#### [Input data]
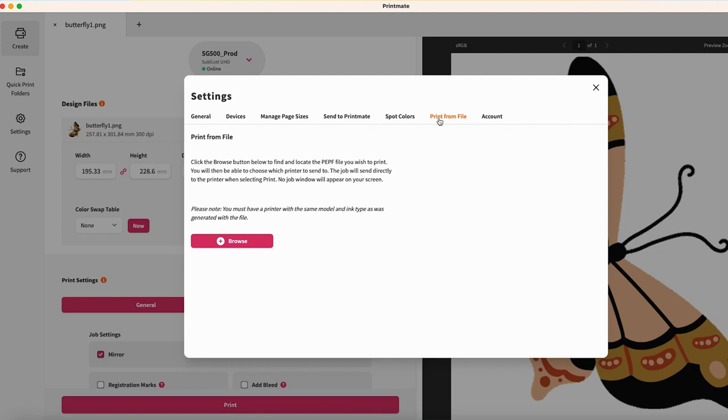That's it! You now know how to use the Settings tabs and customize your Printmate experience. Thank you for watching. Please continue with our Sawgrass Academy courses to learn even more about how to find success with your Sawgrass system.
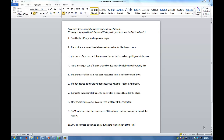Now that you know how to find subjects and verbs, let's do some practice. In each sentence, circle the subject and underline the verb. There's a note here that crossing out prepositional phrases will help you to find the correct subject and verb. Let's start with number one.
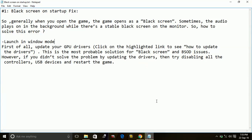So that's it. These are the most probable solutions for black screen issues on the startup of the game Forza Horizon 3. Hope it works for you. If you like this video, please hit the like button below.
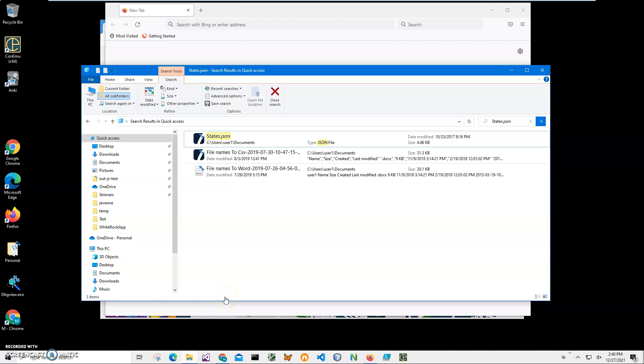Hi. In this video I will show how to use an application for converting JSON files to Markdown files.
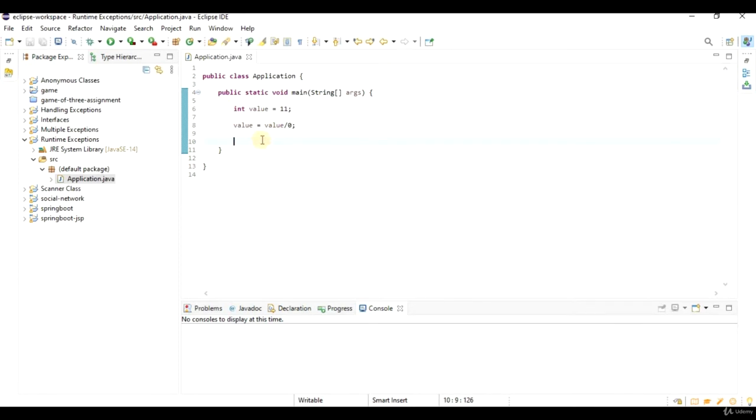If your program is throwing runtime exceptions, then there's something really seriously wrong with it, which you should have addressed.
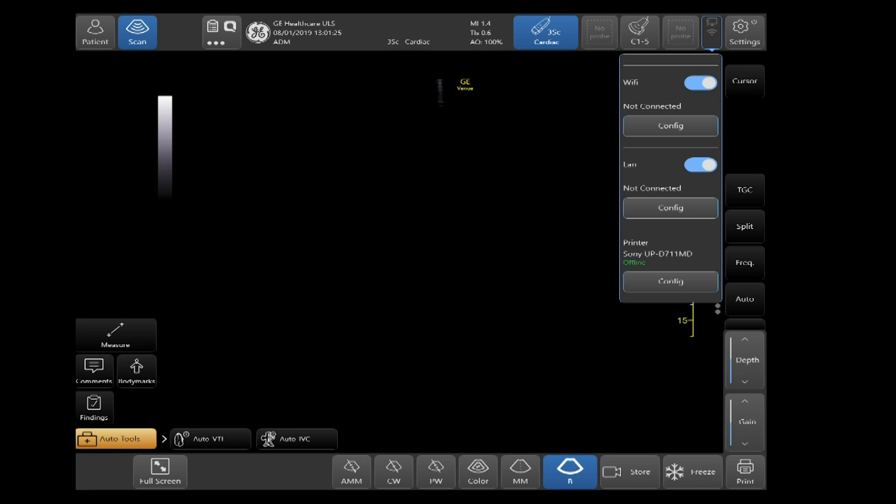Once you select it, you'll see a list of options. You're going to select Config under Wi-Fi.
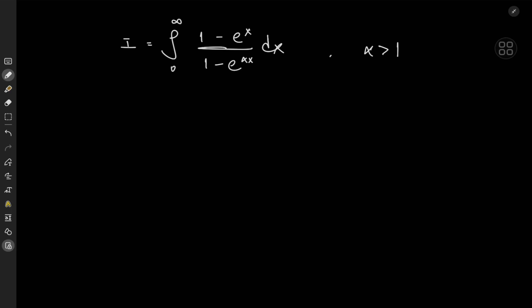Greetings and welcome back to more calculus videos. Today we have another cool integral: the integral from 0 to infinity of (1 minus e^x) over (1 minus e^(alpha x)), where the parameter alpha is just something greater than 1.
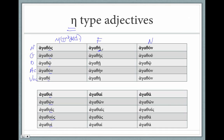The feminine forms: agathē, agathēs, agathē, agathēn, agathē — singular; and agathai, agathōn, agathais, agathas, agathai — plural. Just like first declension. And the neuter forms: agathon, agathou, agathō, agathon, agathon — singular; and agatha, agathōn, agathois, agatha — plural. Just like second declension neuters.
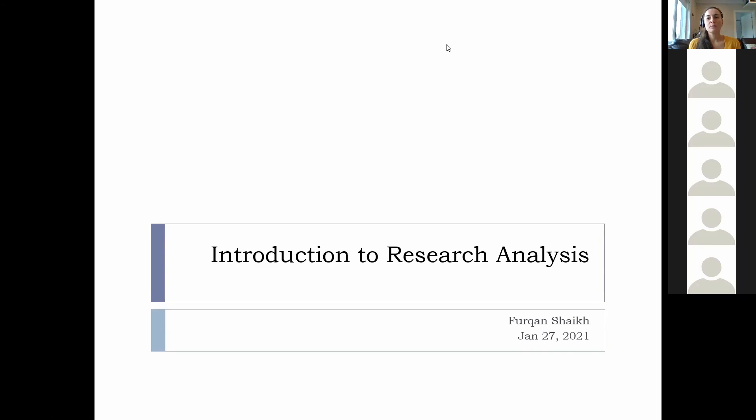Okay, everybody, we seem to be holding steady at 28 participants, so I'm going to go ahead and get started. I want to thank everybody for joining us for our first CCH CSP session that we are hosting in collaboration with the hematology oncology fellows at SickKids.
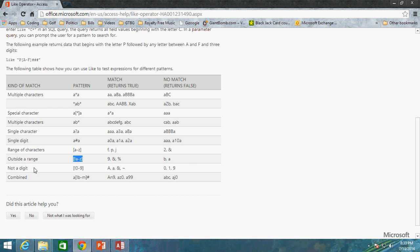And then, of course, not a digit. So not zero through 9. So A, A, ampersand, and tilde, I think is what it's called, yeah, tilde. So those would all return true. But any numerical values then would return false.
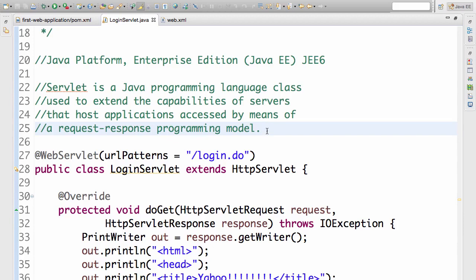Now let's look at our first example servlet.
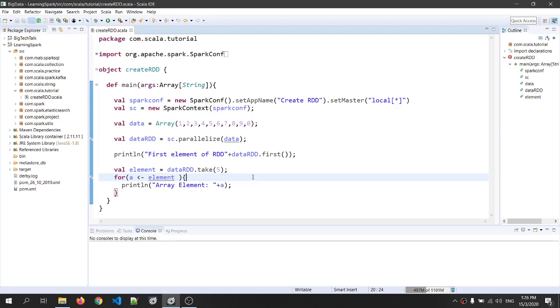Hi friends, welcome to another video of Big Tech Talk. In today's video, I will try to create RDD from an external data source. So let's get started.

#### [Task brief]
Please reproduce, word for word, every line from the first line of the records above through the line containing "Okay, everybody, we", and leave out the pictures.

#### [Task solution]
That's it! You now know how to use the Settings tabs and customize your Printmate experience. Thank you for watching. Please continue with our Sawgrass Academy courses to learn even more about how to find success with your Sawgrass system.
Now that you know how to find subjects and verbs, let's do some practice. In each sentence, circle the subject and underline the verb. There's a note here that crossing out prepositional phrases will help you to find the correct subject and verb. Let's start with number one.
So that's it. These are the most probable solutions for black screen issues on the startup of the game Forza Horizon 3. Hope it works for you. If you like this video, please hit the like button below.
Hi. In this video I will show how to use an application for converting JSON files to Markdown files.
If your program is throwing runtime exceptions, then there's something really seriously wrong with it, which you should have addressed.
Once you select it, you'll see a list of options. You're going to select Config under Wi-Fi.
Greetings and welcome back to more calculus videos. Today we have another cool integral: the integral from 0 to infinity of (1 minus e^x) over (1 minus e^(alpha x)), where the parameter alpha is just something greater than 1.
The feminine forms: agathē, agathēs, agathē, agathēn, agathē — singular; and agathai, agathōn, agathais, agathas, agathai — plural. Just like first declension. And the neuter forms: agathon, agathou, agathō, agathon, agathon — singular; and agatha, agathōn, agathois, agatha — plural. Just like second declension neuters.
Okay, everybody, we seem to be holding steady at 28 participants, so I'm going to go ahead and get started. I want to thank everybody for joining us for our first CCH CSP session that we are hosting in collaboration with the hematology oncology fellows at SickKids.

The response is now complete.